The family emailed me to say that they can't show these guys in 4-H unless they are registered.......I don't know much about 4-H but I didn't think animals needed to be registered. My concern is that I didn't sell these guys as registered animals, but I want to be fair to this family. But I don't want to be underselling my animals so that it disadvantages other breeders in the state who are trying to get fair prices.

Any thoughts/advice?


----------



## sweetgoats

What breed are they? I know our country did a Pygmy Registered classes. I personally think that is wrong. Not all people have the money to buy them registered. 

I am wondering if they are wanting to keep these boys as breeding bucks and sell them as so. 

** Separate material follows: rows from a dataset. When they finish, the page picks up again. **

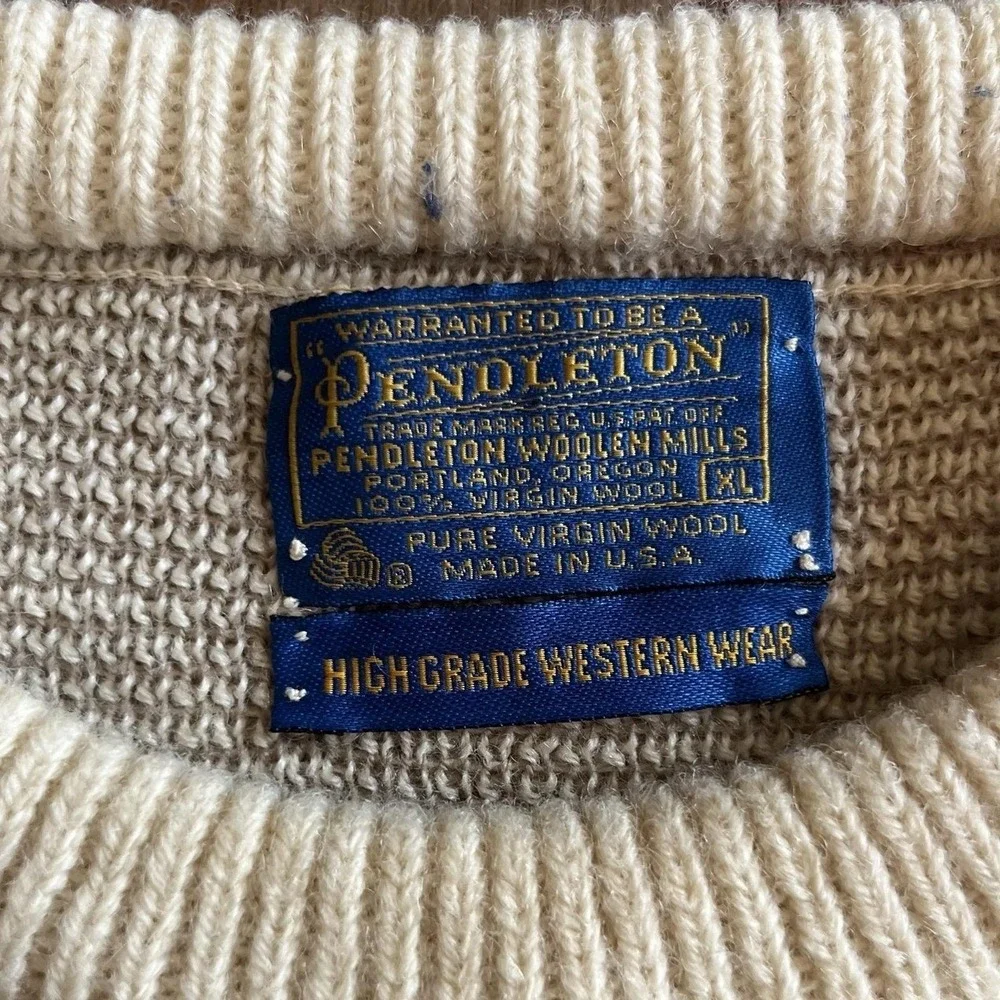 Vintage Pendleton Sweater Mens XL Cream Southwest Geometric Wool Pullover USA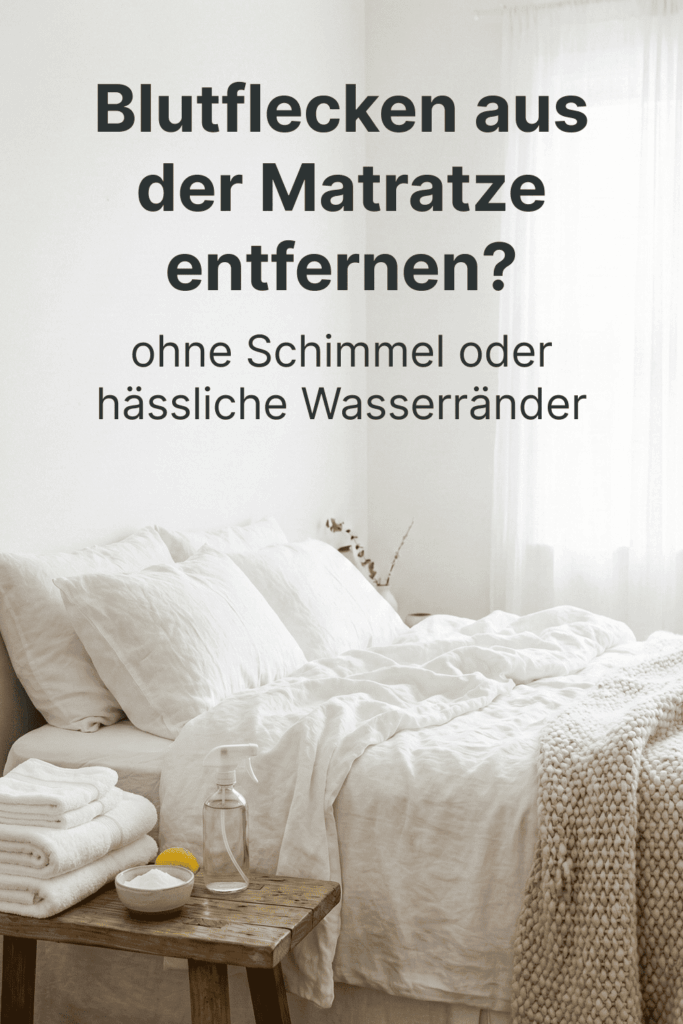 Blutflecken aus der Matratze entfernen ohne Schimmel oder Wasserränder.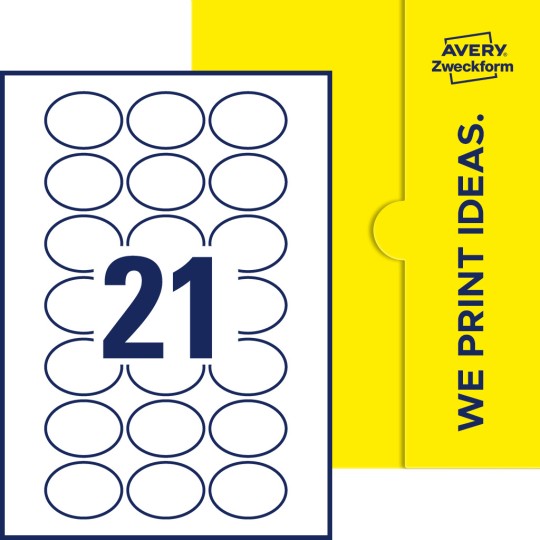 Packungsabbildung inklusive Stanzzeichnung Einzelbogen A4, Etiketten, 50 x 37 mm, 21 Etiketten/Bogen, Oval
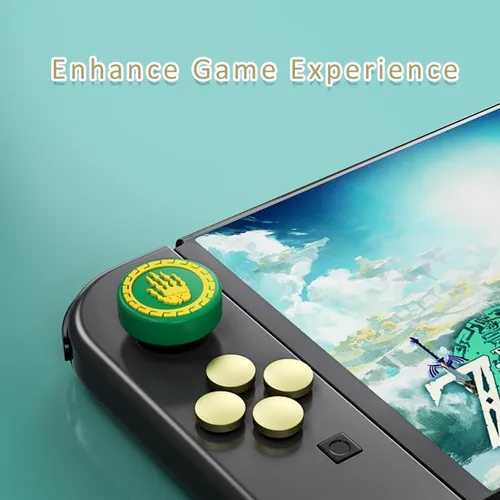 Vista 5 de PERFECTSIGHT Silicone Joycon Thumb Grip Caps, Joystick Cover Compatible with Nintendo SwitchOLEDSwitch Lite,4PCS (Sword Hand-D)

I am sorry if they want them registered I would sure add a lot more money if they can be registered.


----------



## Nubian_Nut

The main thing for 4-H showing is that they must have some sort of permanent ID. Did you tattoo, tag or microchip them? If not, then I don't think they could be shown. However, it will depend on the area. Maybe they don't have grade classes? I would not give them registration, though. You sold them as unregistered and that's what they got. Just my opinion.


----------



## ksalvagno

I would find out if they really need to be registered or if they just need a scrapie tag.


----------



## MorganC

kbluebkeman said:


> I recently sold 3 bucklings as bottle babies (future wethers) to a family for $200.00.......typical pricing for wethers in my area (although some breeders do charge more).
> 
> The family emailed me to say that they can't show these guys in 4-H unless they are registered.......I don't know much about 4-H but I didn't think animals needed to be registered. My concern is that I didn't sell these guys as registered animals, but I want to be fair to this family. But I don't want to be underselling my animals so that it disadvantages other breeders in the state who are trying to get fair prices.
> 
> Any thoughts/advice?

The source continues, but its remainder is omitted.